Relying on Indus Mobile (Supra), the Court held that once courts in Mumbai have exclusive jurisdiction, read with the National Stock Exchange Bye-laws, it is clear that it is the Mumbai courts and the Mumbai courts alone, before which an award can be challenged under Section 34 of the Act. The arbitration that was conducted at Delhi was only at a convenient venue earmarked by the National Stock Exchange.

What is meant by the expression furnishes proof in Section 34(2) (a)?

After relying on several earlier judgments, the Court clarified the legal position by stating that an application for setting aside an arbitral award will not ordinarily require anything beyond the record that was before the Arbitrator.
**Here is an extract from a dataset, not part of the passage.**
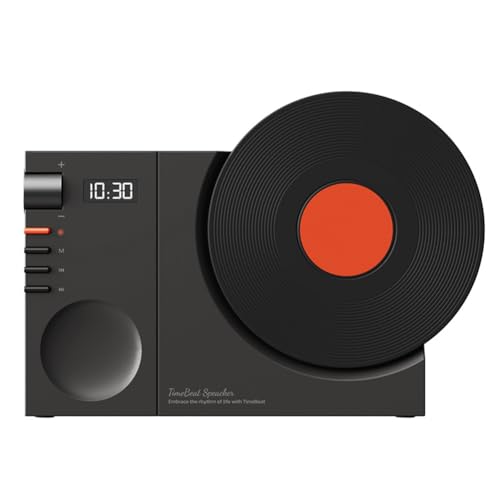 Ujjdwiurgh Vinyl-Bluetooth-Lautsprecher, Retro, Hochwertig, Mini-Audio, Tragbarer Uhrenlautsprecher, Unterstützt TF-Karte/AUX, Langlebig, Einfach zu Bedienen, Schwarz Ujjdwiurgh Vinyl-Bluetooth-Lautsprecher, Retro, Hochwertig, Mini-Audio, Tragbarer Uhrenlautsprecher, Unterstützt TF-Karte/AUX, Langlebig, Einfach zu Bedienen, Schwarz von Ujjdwiurgh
However, if there are matters not contained in such record, and are relevant to the determination of issues arising under Section 34(2)(a), they may be brought to the notice of the Court by way of affidavits filed by both parties. Cross-examination of persons swearing to the affidavits should not be allowed unless absolutely necessary, as the truth will emerge on a reading of the affidavits filed by both parties.